> _HOW TO COMPLETE THIS TASK_
Omit all pictures, then print the entries exactly.
**** DATA ****
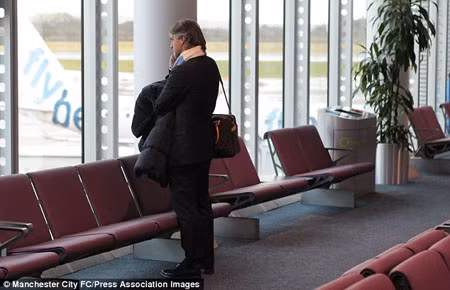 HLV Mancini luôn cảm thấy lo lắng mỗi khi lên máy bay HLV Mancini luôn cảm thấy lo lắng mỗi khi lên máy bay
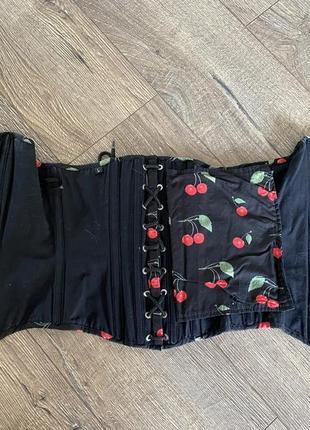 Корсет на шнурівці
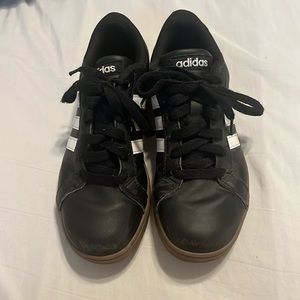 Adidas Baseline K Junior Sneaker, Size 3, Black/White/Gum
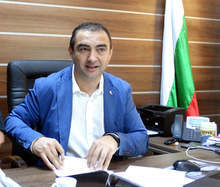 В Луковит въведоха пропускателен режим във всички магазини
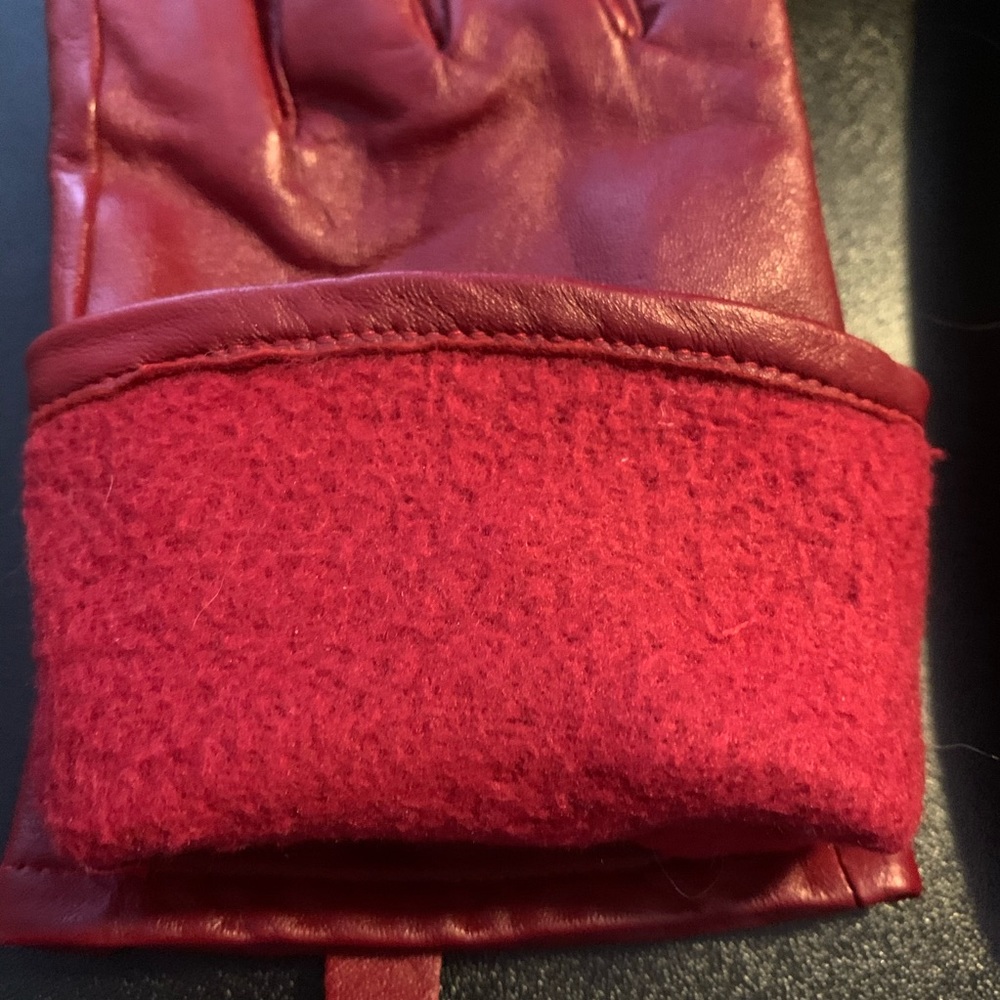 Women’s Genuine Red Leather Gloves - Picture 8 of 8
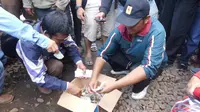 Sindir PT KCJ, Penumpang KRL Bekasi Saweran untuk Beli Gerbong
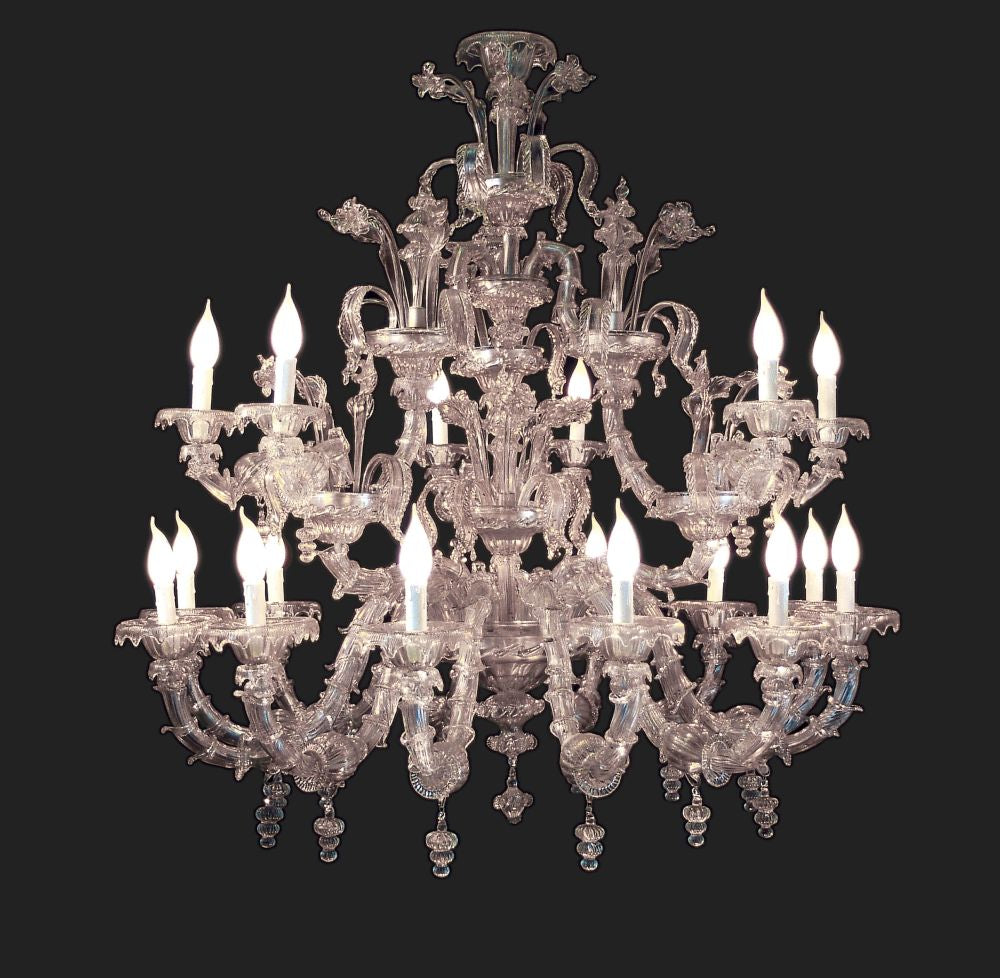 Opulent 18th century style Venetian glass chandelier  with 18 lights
****
> _COMPLETED TASK_
 HLV Mancini luôn cảm thấy lo lắng mỗi khi lên máy bay HLV Mancini luôn cảm thấy lo lắng mỗi khi lên máy bay
 Корсет на шнурівці
 Adidas Baseline K Junior Sneaker, Size 3, Black/White/Gum
 В Луковит въведоха пропускателен режим във всички магазини
 Women’s Genuine Red Leather Gloves - Picture 8 of 8
 Sindir PT KCJ, Penumpang KRL Bekasi Saweran untuk Beli Gerbong
 Opulent 18th century style Venetian glass chandelier  with 18 lights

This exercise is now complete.